**Prompt:** Please take the records that follow and repeat exactly the lines starting with the line with "Tapis Shaggy Shaggy" and going on through the line with "Madhvi Mood |".

**Records supplied:**
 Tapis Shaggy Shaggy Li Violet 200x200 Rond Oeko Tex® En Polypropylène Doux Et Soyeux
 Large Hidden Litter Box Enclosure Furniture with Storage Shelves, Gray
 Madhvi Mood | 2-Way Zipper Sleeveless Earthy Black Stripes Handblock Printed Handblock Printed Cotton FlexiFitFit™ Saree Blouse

--

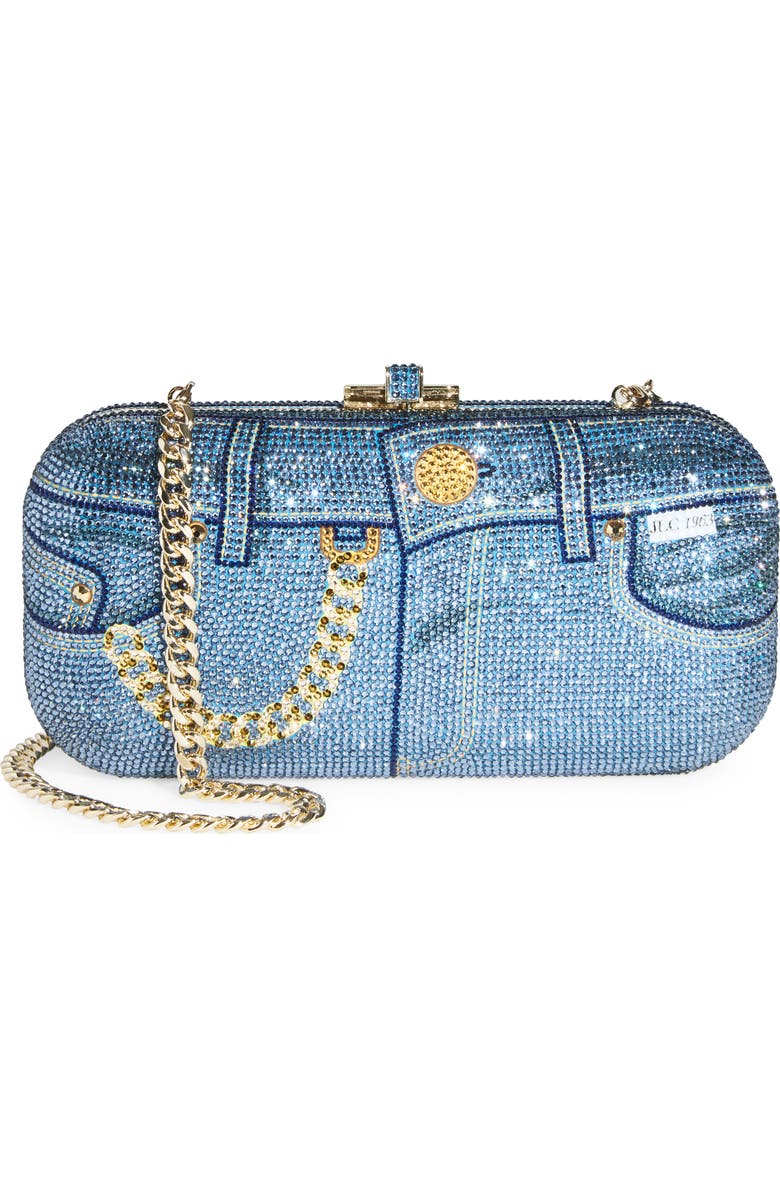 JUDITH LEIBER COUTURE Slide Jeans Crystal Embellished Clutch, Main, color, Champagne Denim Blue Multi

* * *

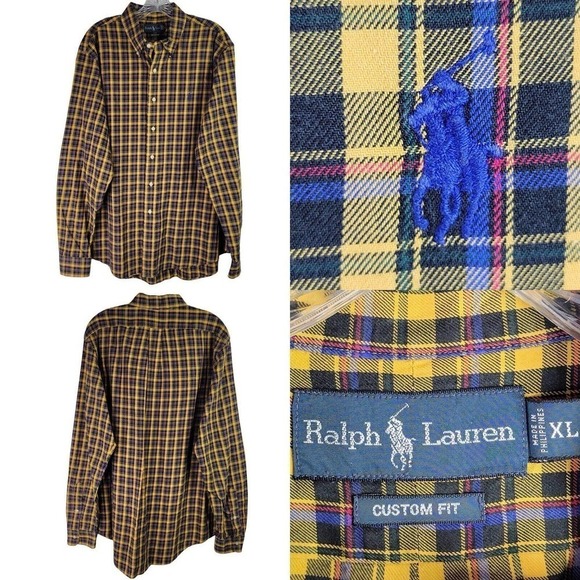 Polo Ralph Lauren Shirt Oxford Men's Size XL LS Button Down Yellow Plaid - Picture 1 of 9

**Response to the exercise:**
 Tapis Shaggy Shaggy Li Violet 200x200 Rond Oeko Tex® En Polypropylène Doux Et Soyeux
 Large Hidden Litter Box Enclosure Furniture with Storage Shelves, Gray
 Madhvi Mood | 2-Way Zipper Sleeveless Earthy Black Stripes Handblock Printed Handblock Printed Cotton FlexiFitFit™ Saree Blouse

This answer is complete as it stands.